Comme nous l’annoncions dans une de nos parutions, les bandits armés ont promis de célébrer l’attaque du 23 mai 2006 en s’attaquant cette année aussi à la ville de Kidal. Cette information loin d’être une rumeur a été confirmée par l’Alliance pour le changement en faisant porter le message par un des otages de l’attaque de Abéïbara libéré pour la circonstance.

Celui-ci (l’otage) est arrivé à Kidal dans la matinée du 23 mai et a transmis le message qu’il portait à qui de droit. Face à cette menace, Kidal a déployé les grands moyens en renforçant la ceinture de sécurité tout autour de la ville.

Certes cette date n’a pas été respectée mais les forces armées et de sécurités sont restées sur le qui-vive, pour éviter de se faire surprendre, et ont maintenu leur position intacte en restant sur leurs gardes. Il n’a fallu que de quelques jours pour que les bandits armés tentent d’accomplir leur funeste objectif. En effet, dans la nuit du mardi, le système de surveillance des services secrets américains a localisé les bandits armés à une quinzaine de kilomètres de la ville de Kidal. Comme cela se doit, ils (les services américains) ont alerté les forces armées de l’Adrar des Ifforas à qui, ils ont communiqué les positions des membres de l’Alliance prêts pour l’attaque.

C’est alors que l’armée loyaliste, dont un très grand effectif se trouve en patrouille dans le Sahara, a choisi de faire recours aux moyens lourds. Ainsi ont été déployés par les forces armées des BM21 pour bombarder les positions de l’Alliance conformément aux indications de localisation qui leur ont été fournies par les services de renseignements américains.

En plus du bombardement, une ceinture de sécurité a été formée à quelques kilomètres de la ville et ordre a été donné à cette colonne de rester sur une position défensive. Au moment où nous mettons cette information sous presse, aucun bilan des bombardements n’a été rendu officiel, mais il a été demandé aux patrouilles déjà sur le terrain de constater les dégâts à leur retour. Comme on devait s’y attendre, ces bombardements ont causé une très grande psychose chez la population civile.

Certaines maisons à l’architecture très légère se sont effondrées avec le tremblement du sol causé par les bombardements.
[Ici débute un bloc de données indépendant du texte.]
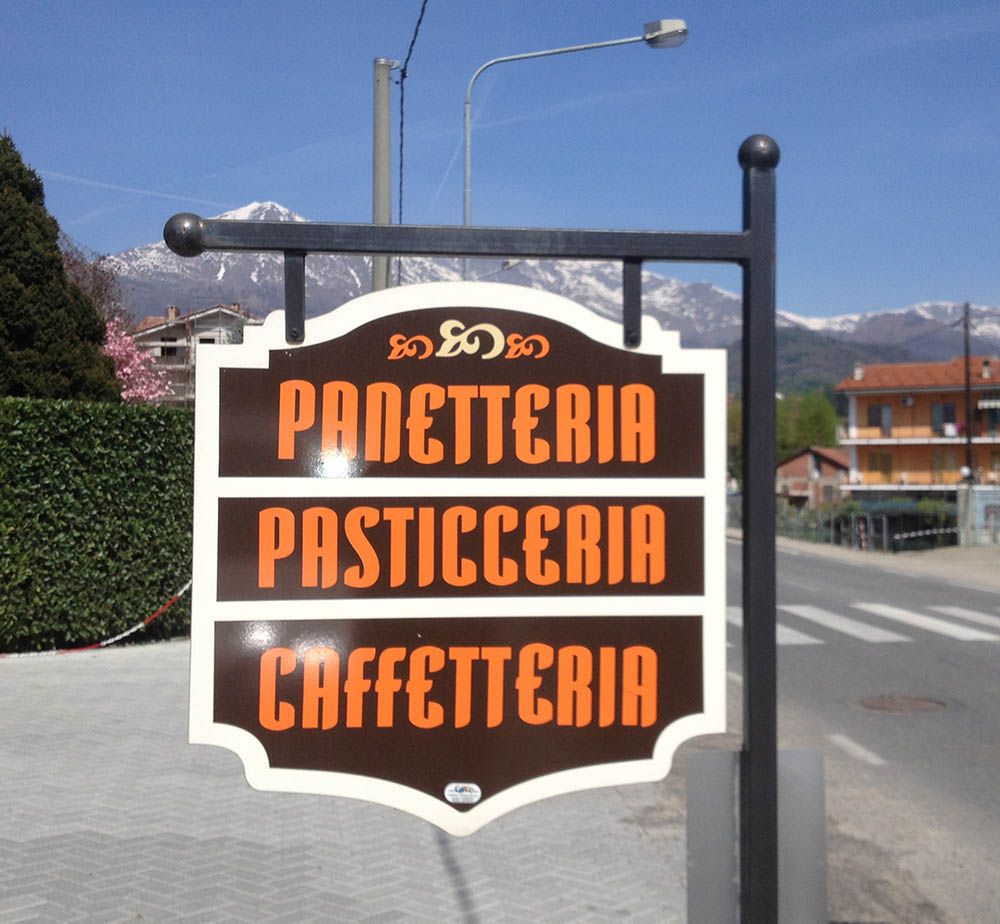 Insegne in Stile Antico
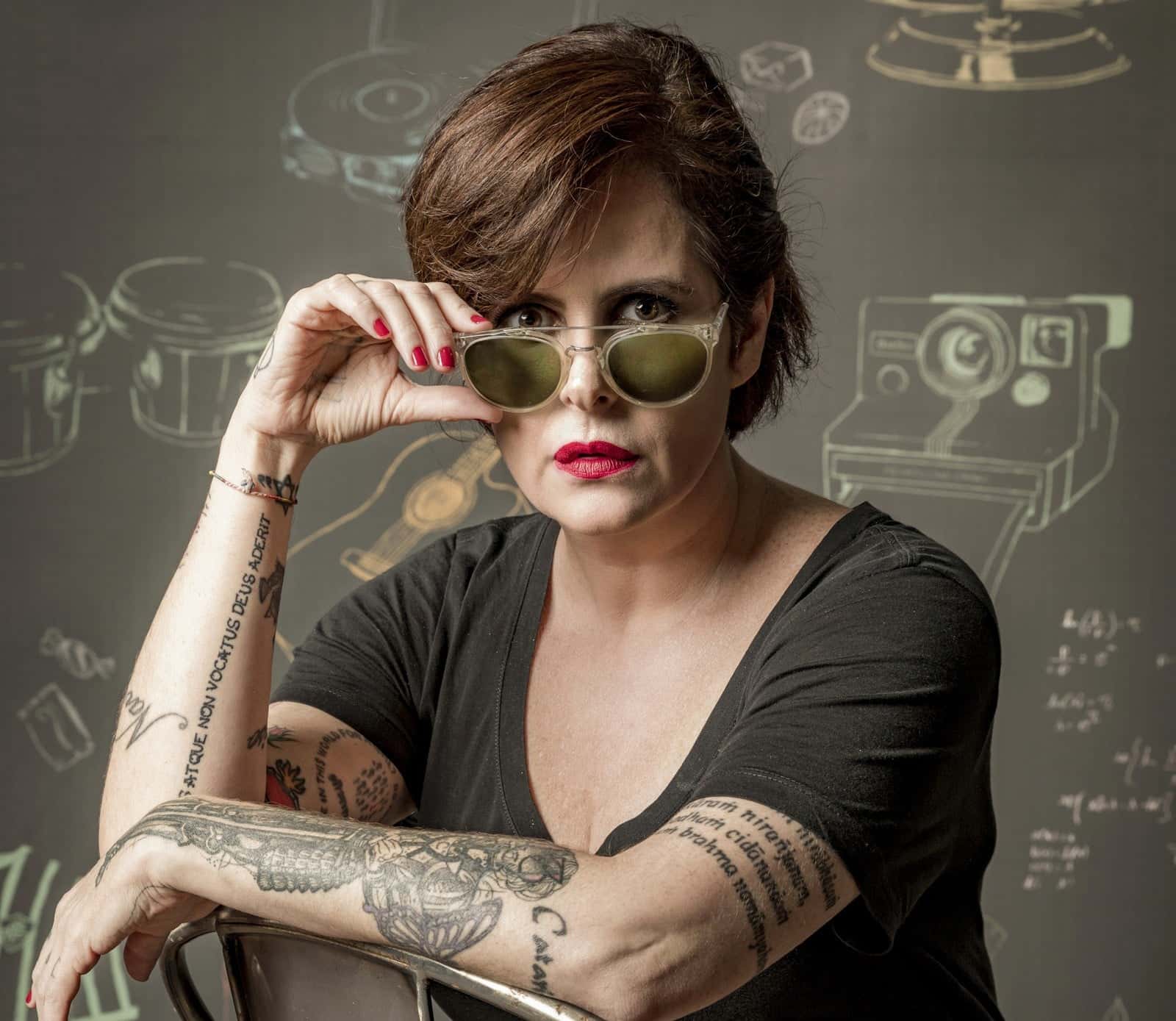 Fernanda Young deixou artistas desolados com morte (Foto: Divulgação)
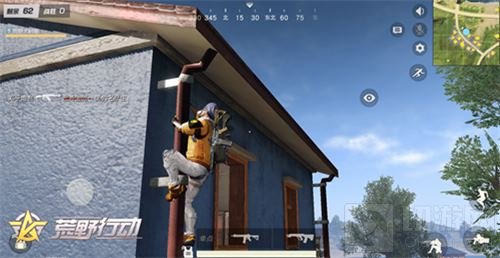 创新移动交互方式来袭 巧用火车电梯玩转荒野行动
Nombreuses sont les familles qui, très tôt hier matin, ont quitté la ville. Cette stratégie, première du genre, peut être entendue comme une entrée en guerre des forces armées et de sécurités maliennes.

Si ce n’est pas le cas, ça doit en être ainsi, car du moment où recours et usage sont fait aux armes lourdes à l’intérieur des agglomérations, il y’a plus aucune raison de ne pas les utiliser en pleine campagne et dans le grand Sahara.
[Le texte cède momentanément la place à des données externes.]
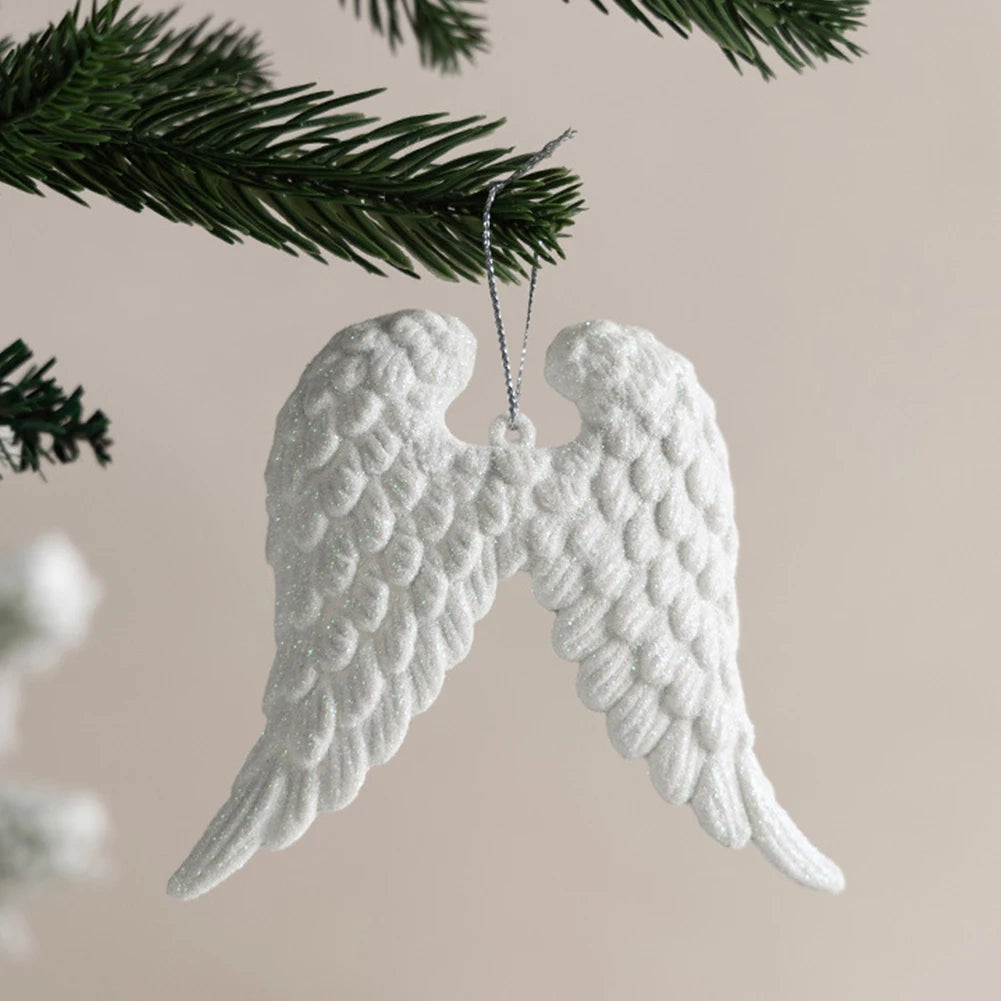 Durable Christmas Tree Pendant Home Decor Christmas Scene Arrangement Decorative Supplies Multi Style Christmas Tree Accessory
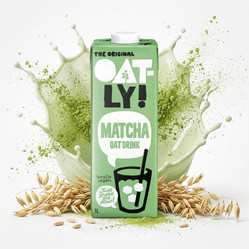 Oatly Napój Owsiany o Smaku Matcha 1L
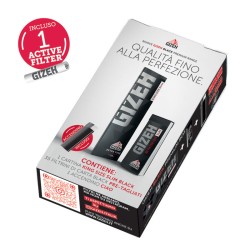 Gizeh 7460 - Kit Black Premium Box per Distributore Conf.75 pz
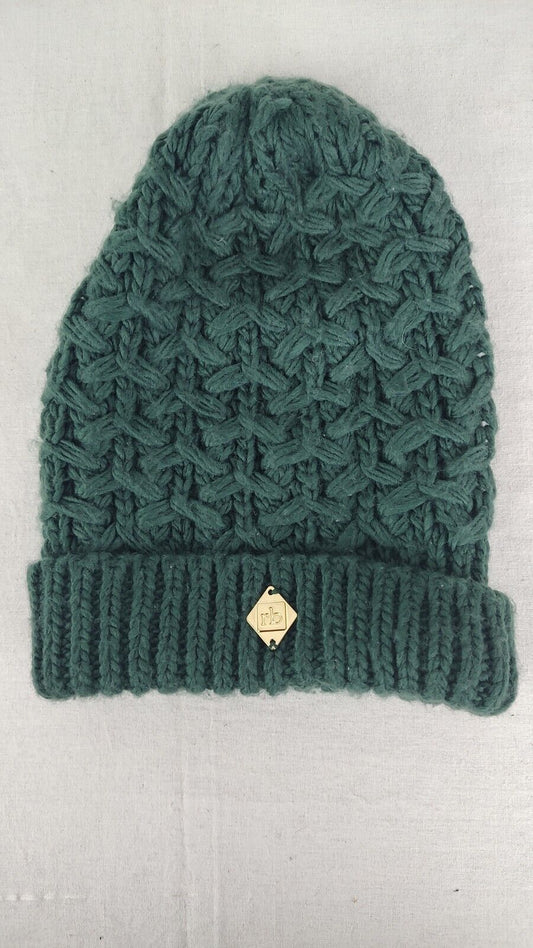 ROCCOBAROCCO CAPPELLO BEANIE DONNA TG. UNICA HAT VINTAGE CASUAL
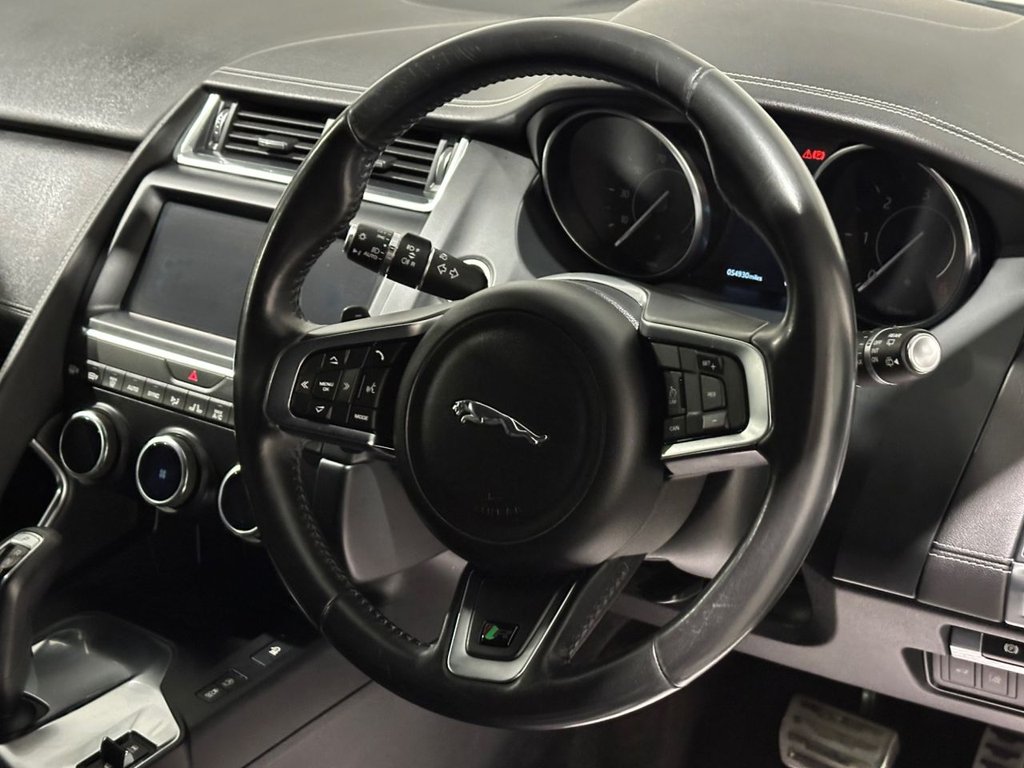 USED 2019 69 JAGUAR E-PACE 2.0 D150 R-Dynamic S SUV 5dr Diesel Auto AWD Euro 6 (s/s) (150 ps) 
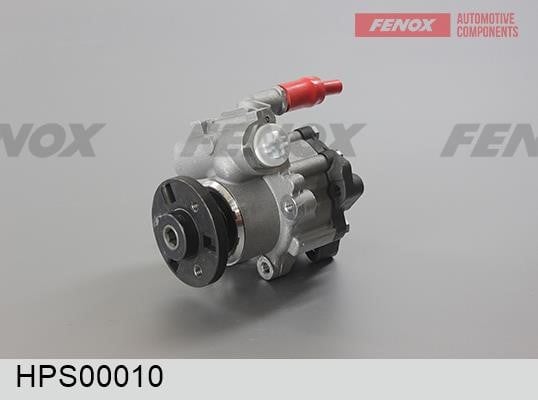 Fenox HPS00010 Насос гідропідсилювача керма HPS00010: Приваблива ціна - Купити в Україні на EXIST.UA!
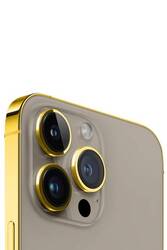 Caviar Luxury 24k Gold Plated Frame Customized iPhone 16 Pro Max 1 TB Natural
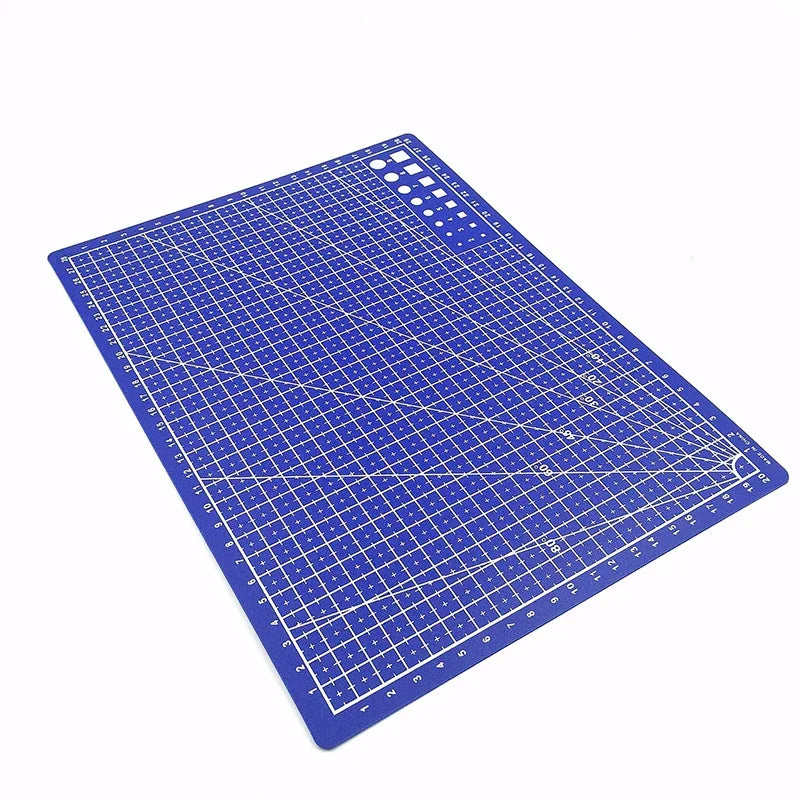 A3 A4 A5 PVC Cutting Mat Patchwork Cut Pad for Workbench Patchwork Sewing Manual DIY Knife Engraving Leather Cutting Board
Cette nouvelle donne doit mettre fin aux discours en faisant place aux actes. Il est temps d’arrêter de souffler le chaud et le froid en même temps. Les paisibles populations qui sont les cibles potentielles de tous les esprits de vendetta et en font les frais, semblent éreintées.

De grâce finissons-en avec cette crise de quelles que manières que ce soit, ceux qui y périront seront heureux dans leur tombe en sachant que leur sacrifice aura permis d’instaurer le calme dans une zone mouvementée depuis l’indépendance. Nous en sommes sûrs…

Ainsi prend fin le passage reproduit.